An important principle is abstraction: the core of a compiler should not bother about syntactic details of the compiled program. The optimization and code generation phases must be independent from the particular input programming language. This is generally achieved using language-specific front-ends and back-ends. Abstraction can go further: the internal representation becomes more language independent, and semantic constructs can be unified. Analysis can then concentrate on the semantics of a small set of constructs. We advocate an internal representation composed of three levels.

  • At the top level is the call graph, whose nodes are modules and procedures. Arrows relate nodes that call or import one another. Recursion leads to cycles.

  • At the middle level is the flow graph, one per procedure. It captures the control flow between atomic instructions. Loops lead to cycles.

  • At the lowest level are abstract syntax trees for the individual atomic instructions. Semantic transformations can benefit from the representation of expressions as directed acyclic graphs, sharing common sub-expressions.

To each level belong symbol tables, nested to capture scoping.

Static program analysis can be defined on this internal representation, which is largely language independent. The simplest analyses on trees can be specified with inference rules [18] , [26] , [16] . But many analyses are more complex, and better defined on graphs than on trees. This is the case for data-flow analyses, that look for run-time properties of variables. Since flow graphs may be cyclic, these global analyses generally require an iterative resolution. Data flow equations is a practical formalism to describe data-flow analyses. Another formalism is described in [19] , which is more precise because it can distinguish separate instances of instructions.
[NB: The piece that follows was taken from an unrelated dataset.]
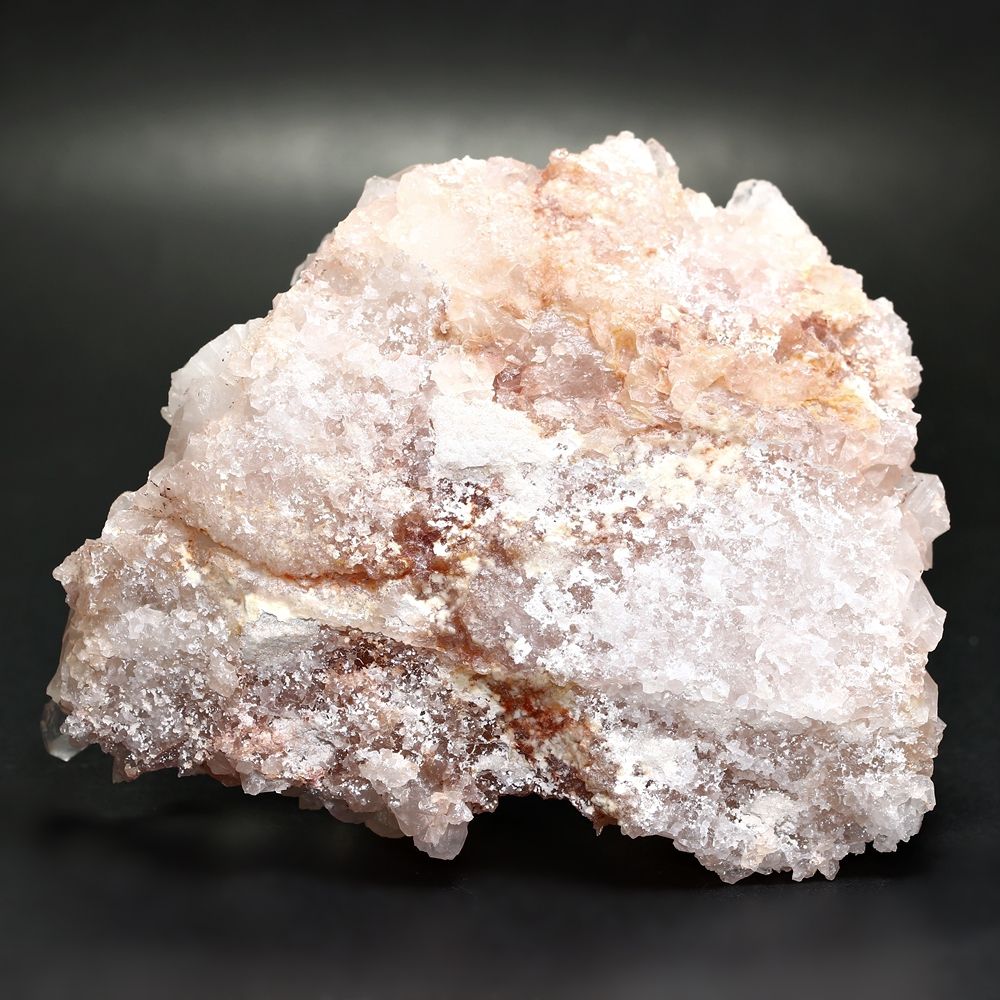 高品質]マダガスカル産水晶クラスター/クリアピンク（原石774g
However it is still based on trees, and its cost forbids application to large codes. Abstract Interpretation [20] is a theoretical framework to study complexity and termination of these analyses.

Data flow analyses must be carefully designed to avoid or control combinatorial explosion. At the call graph level, they can run bottom-up or top-down, and they yield more accurate results when they take into account the different call sites of each procedure, which is called context sensitivity. At the flow graph level, they can run forwards or backwards, and yield more accurate results when they take into account only the possible execution flows resulting from possible control, which is called flow sensitivity.

Even then, data flow analyses are limited, because they are static and thus have very little knowledge of actual run-time values. Far before reaching the very theoretical limit of undecidability, one reaches practical limitations to how much information one can infer from programs that use arrays [32] , [21] or pointers. In general, conservative over-approximations are always made that lead to derivative code that is less efficient than possibly achievable.